* **Exercise**:
For this task, extract exactly the lines of the data below, from the line containing "DDJ-1000DJコントローラーPioneerパイオニア" through the last one, with pictures left out.

* **Given data**:
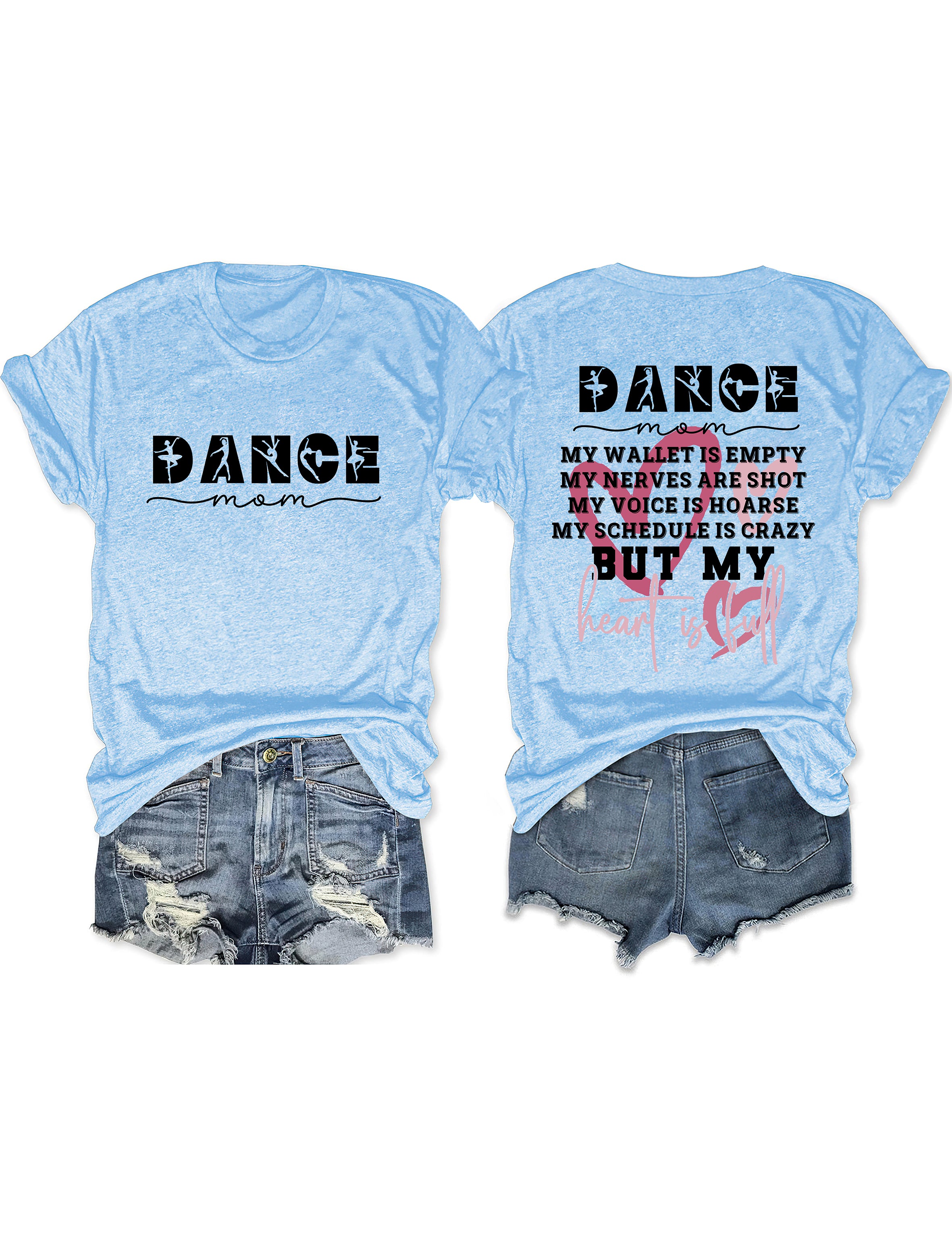 Dance Mom T-shirt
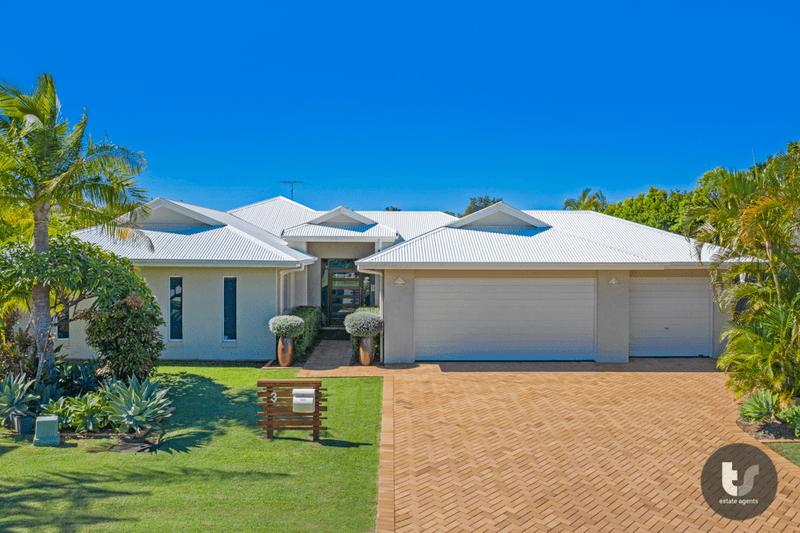 3 Newcomb Court, Redland Bay, QLD 4165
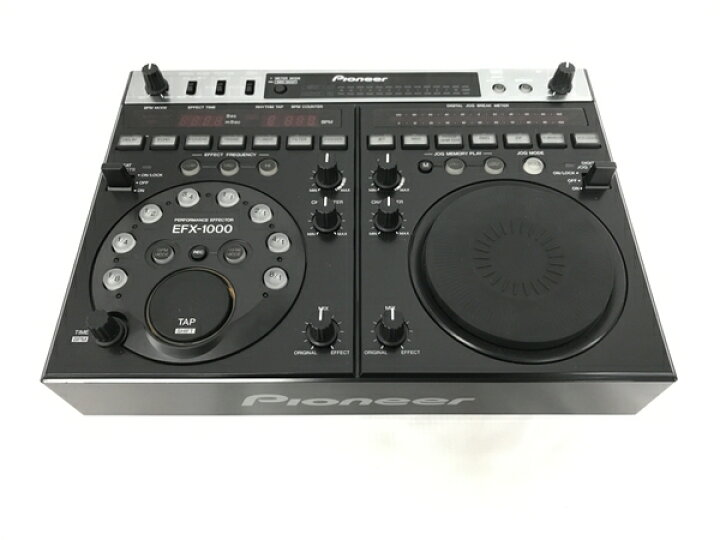 DDJ-1000DJコントローラーPioneerパイオニア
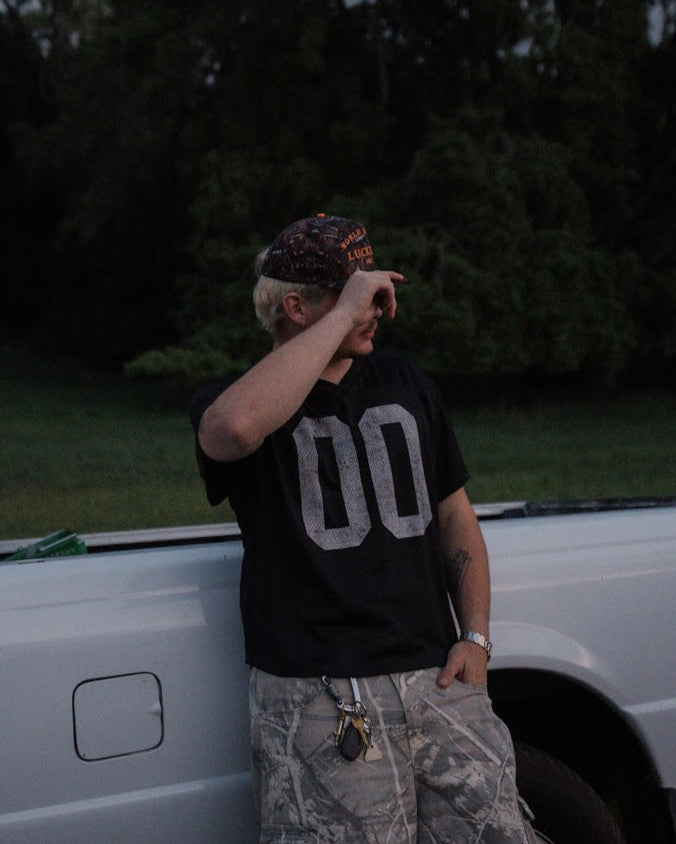 camo snapback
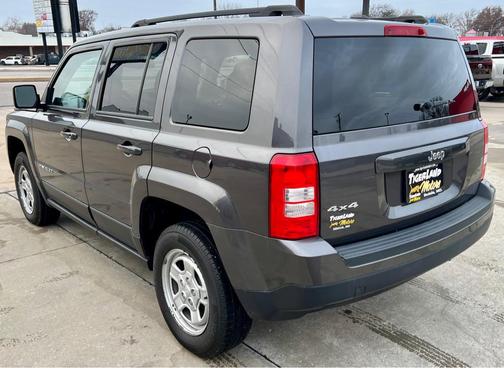 2017 Jeep Patriot Sport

* **Answer area**:
 DDJ-1000DJコントローラーPioneerパイオニア
 camo snapback
 2017 Jeep Patriot Sport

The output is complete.